Copy out exactly the line that contains "First Row Aromatic" and all lines following it to the end of the data.

Stored items
○ ○ ○ ○ ○

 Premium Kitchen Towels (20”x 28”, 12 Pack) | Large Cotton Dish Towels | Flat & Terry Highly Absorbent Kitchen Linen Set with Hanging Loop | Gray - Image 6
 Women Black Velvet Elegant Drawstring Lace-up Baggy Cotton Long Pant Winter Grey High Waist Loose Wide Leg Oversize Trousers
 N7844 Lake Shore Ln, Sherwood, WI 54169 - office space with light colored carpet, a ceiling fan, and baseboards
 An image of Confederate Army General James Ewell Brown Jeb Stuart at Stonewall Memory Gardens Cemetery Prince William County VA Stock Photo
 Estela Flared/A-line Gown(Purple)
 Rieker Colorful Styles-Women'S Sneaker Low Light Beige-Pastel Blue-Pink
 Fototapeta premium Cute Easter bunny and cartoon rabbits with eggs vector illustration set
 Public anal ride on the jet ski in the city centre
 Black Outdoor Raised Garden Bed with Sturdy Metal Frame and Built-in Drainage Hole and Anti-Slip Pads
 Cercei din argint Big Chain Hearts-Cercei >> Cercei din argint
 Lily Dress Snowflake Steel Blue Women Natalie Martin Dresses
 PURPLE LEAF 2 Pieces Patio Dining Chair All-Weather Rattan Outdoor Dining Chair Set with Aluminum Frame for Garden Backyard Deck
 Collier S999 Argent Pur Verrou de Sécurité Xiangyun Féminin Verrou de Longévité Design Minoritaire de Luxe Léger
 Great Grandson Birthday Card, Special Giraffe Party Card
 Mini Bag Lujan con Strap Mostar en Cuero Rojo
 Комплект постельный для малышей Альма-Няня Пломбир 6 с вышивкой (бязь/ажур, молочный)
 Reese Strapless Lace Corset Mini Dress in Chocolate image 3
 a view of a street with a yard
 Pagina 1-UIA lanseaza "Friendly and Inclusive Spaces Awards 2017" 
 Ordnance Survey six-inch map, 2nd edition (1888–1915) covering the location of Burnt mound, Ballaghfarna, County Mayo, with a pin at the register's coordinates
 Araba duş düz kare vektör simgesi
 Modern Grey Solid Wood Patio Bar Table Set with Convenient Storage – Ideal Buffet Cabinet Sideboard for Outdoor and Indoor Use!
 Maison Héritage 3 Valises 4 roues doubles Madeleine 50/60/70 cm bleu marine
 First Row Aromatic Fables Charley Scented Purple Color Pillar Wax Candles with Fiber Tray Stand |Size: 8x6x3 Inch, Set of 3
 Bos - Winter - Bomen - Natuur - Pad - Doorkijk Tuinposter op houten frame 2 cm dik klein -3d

○ ○ ○ ○ ○

**SOLUTION TO THIS EXERCISE:**
 First Row Aromatic Fables Charley Scented Purple Color Pillar Wax Candles with Fiber Tray Stand |Size: 8x6x3 Inch, Set of 3
 Bos - Winter - Bomen - Natuur - Pad - Doorkijk Tuinposter op houten frame 2 cm dik klein -3d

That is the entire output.